Directions: Each line that has the string "make" must be copied from the records below.

Material provided:

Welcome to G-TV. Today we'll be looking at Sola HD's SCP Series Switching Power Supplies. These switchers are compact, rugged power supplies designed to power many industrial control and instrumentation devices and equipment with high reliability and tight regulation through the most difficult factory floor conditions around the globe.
...
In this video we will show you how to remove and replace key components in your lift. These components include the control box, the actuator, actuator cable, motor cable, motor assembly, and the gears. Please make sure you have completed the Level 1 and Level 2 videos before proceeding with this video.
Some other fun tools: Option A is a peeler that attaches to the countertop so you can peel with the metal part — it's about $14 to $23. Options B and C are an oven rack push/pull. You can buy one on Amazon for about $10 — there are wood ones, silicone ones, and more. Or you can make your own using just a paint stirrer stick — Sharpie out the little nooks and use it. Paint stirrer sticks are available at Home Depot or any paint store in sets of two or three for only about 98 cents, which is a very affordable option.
* * *
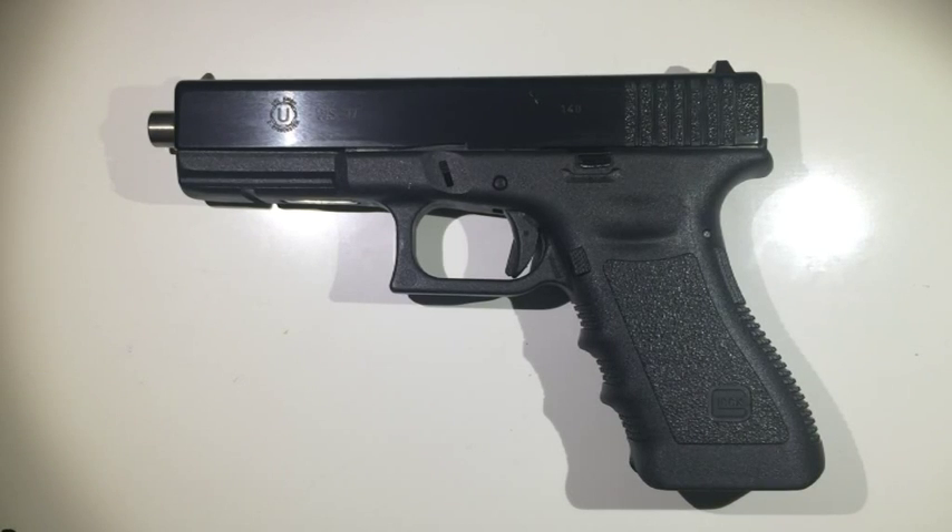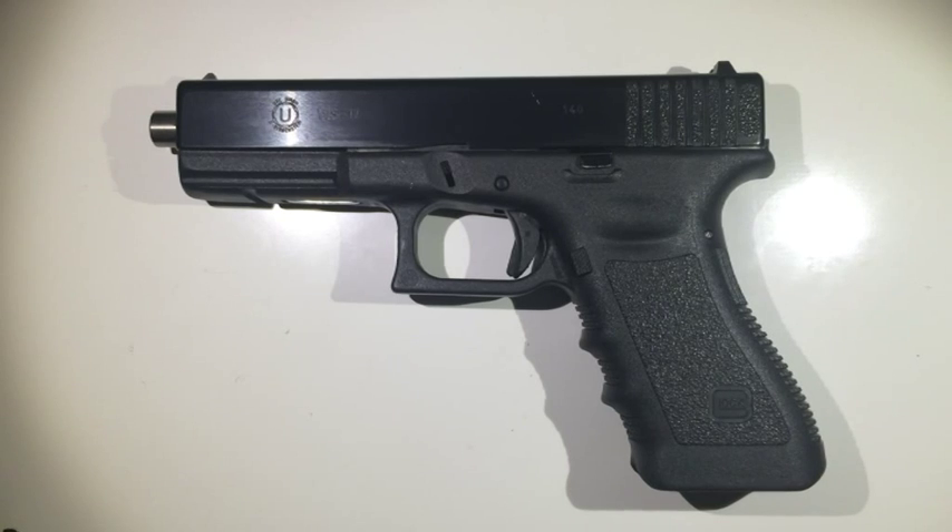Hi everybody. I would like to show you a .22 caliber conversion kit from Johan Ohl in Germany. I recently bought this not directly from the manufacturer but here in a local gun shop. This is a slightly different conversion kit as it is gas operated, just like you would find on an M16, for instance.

Solution below:
In this video we will show you how to remove and replace key components in your lift. These components include the control box, the actuator, actuator cable, motor cable, motor assembly, and the gears. Please make sure you have completed the Level 1 and Level 2 videos before proceeding with this video.
Some other fun tools: Option A is a peeler that attaches to the countertop so you can peel with the metal part — it's about $14 to $23. Options B and C are an oven rack push/pull. You can buy one on Amazon for about $10 — there are wood ones, silicone ones, and more. Or you can make your own using just a paint stirrer stick — Sharpie out the little nooks and use it. Paint stirrer sticks are available at Home Depot or any paint store in sets of two or three for only about 98 cents, which is a very affordable option.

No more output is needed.